That said, the aluminum compartment houses all the “ugly” hardware such as the power supply, the cables, and the hard drives. The tempered glass portion allows the system builder to showcase all the “flashy” components like the motherboard, the graphics card, and LED lighting. The two compartments are divided by a narrow “band” that provides the power button and inputs.
On the aluminum side, Lian Li has crammed in a modular hard drive rack that supports six 3.5-inch drives and two 2.5-inch drives. This rack has two built-in 120mm exhaust fans, while three additional 120mm intake fans are mounted in the panel dividing the chassis in half. The warm air seems to be pushed out through vents found in the back and at the top of the chassis while the cool air is pulled in from vents mounted on its belly.
Despite all the fans, system builders can choose to install a water cooling system if needed by ripping out the three intake fans and replacing them with a 120 x 360 millimeter radiator and another one at the top panel in the glass compartment. Builders could even hide one of the radiators in the aluminum side and pass the all-in-one tubes through rubberized holes in the chassis divider. Lian Li indicates that there’s plenty of room in the aluminum compartment for liquid cooling.
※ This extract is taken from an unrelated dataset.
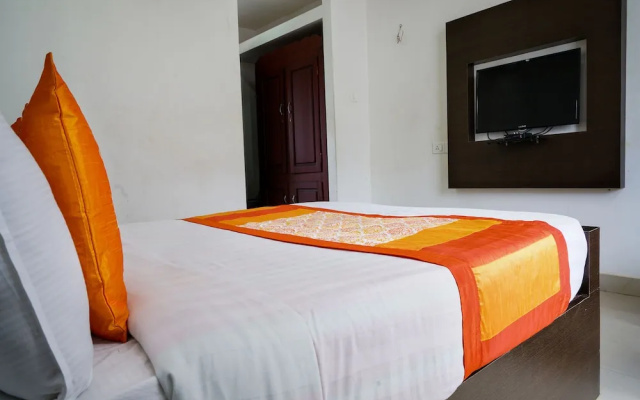 OYO 9932 Hotel Half Moon Residency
The specs show that this new two-faced chassis measures 354mm wide by 482mm high by 465mm deep, and supports ATX and Micro-ATX motherboards. The maximum VGA card length is 420mm (290mm with a radiator installed), the power supply length is 290mm, and the CPU cooler height in 160mm. The case provides four USB 3.0 ports, HD audio jacks, and the power button on the top dividing strip.
On the back of the aluminum side is the vent for the two exhaust fans on the drive cage, and the power supply cutout. The tempered glass side (which is actually aluminum on the back) plays host to the motherboard cutout, an intake vent, and eight expansion slots. An LED RGB controller is mounted on the back, as well in the strip dividing the two compartments.
Additional features of this new two-faced chassis include air filters installed in the top, bottom, and on the side of the case; aluminum stands to pull it off the desktop surface; and a complete LED RGB color-changing kit that consists of a waterproof LED strip, cord clip, dimmer, and the previously-mentioned controller. The Lian Li logo is actually LED-lit and glows in between the two compartments, adding to the overall awesome appearance of this new chassis.
Lian Li’s PC-O9 case will be made available in mid-June for £349.99, or just over $500 in the U.S. The case will be offered in two flavors: black with red highlights (PC-O9WRX) and all black (PC-O9WX).